***** GIVEN MATERIAL

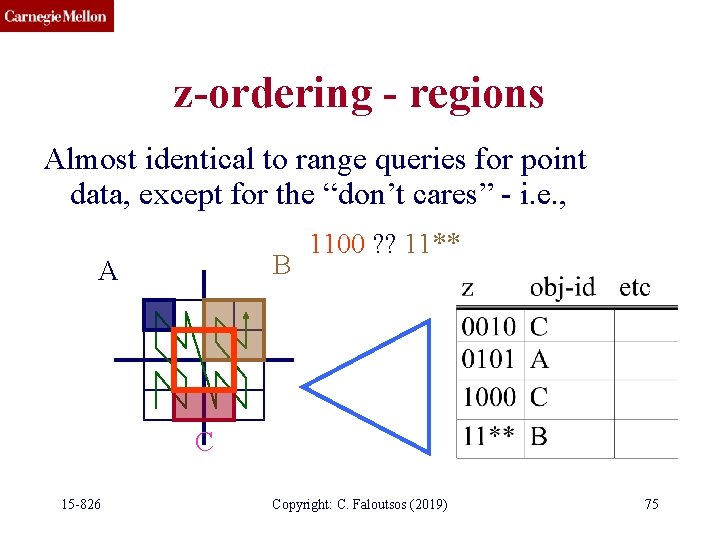 z-ordering - regions Almost identical to range queries for point data, except for the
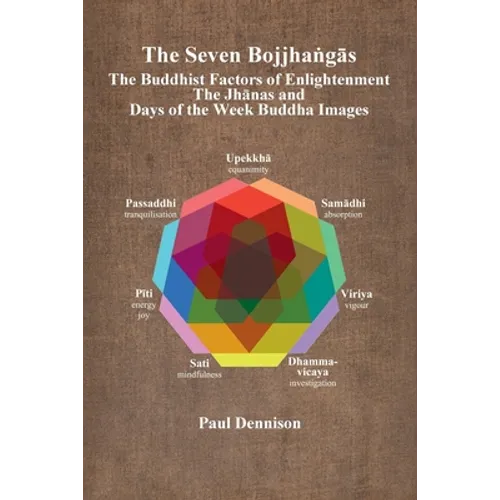 The Bojjhaṅgās: The Buddhist Factors of Enlightenment, the Jhānas and Days of the Week Buddha Images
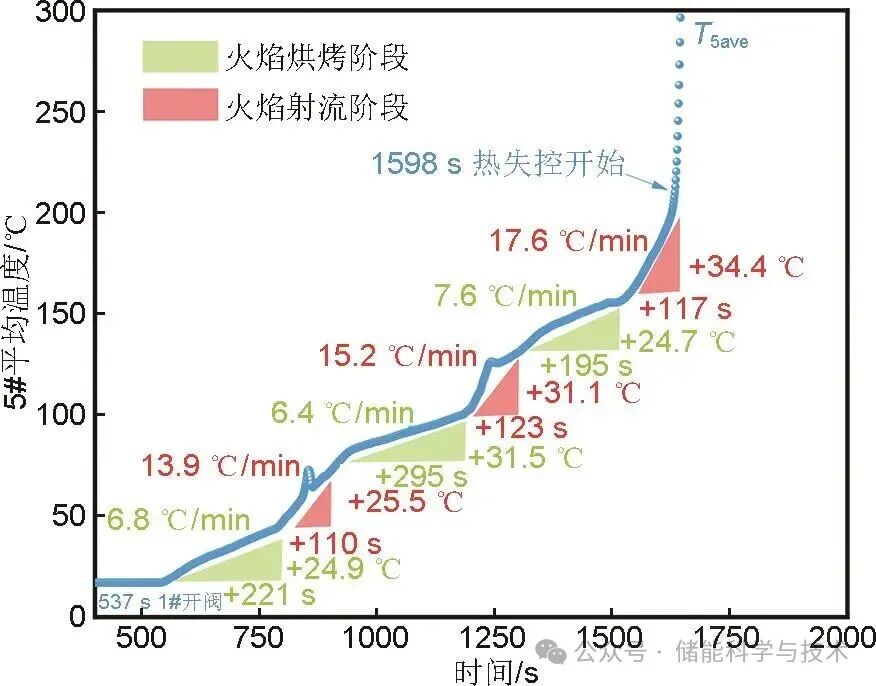 双层储能电池火蔓延特性及触发过程能量传递机制研究(图11)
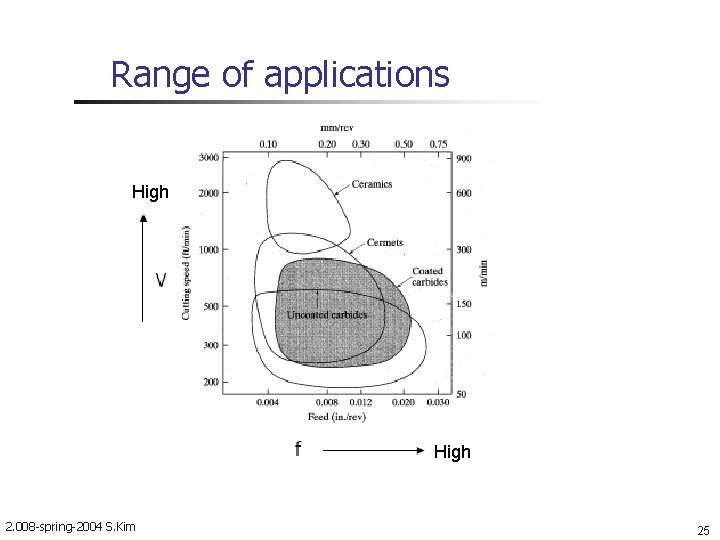 Range of applications High 2. 008 -spring-2004 S. Kim 25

**********

→ TRY IT
Write out the material above once more, word for word. Images stay out.

→ OUTPUT
 z-ordering - regions Almost identical to range queries for point data, except for the
 The Bojjhaṅgās: The Buddhist Factors of Enlightenment, the Jhānas and Days of the Week Buddha Images
 双层储能电池火蔓延特性及触发过程能量传递机制研究(图11)
 Range of applications High 2. 008 -spring-2004 S. Kim 25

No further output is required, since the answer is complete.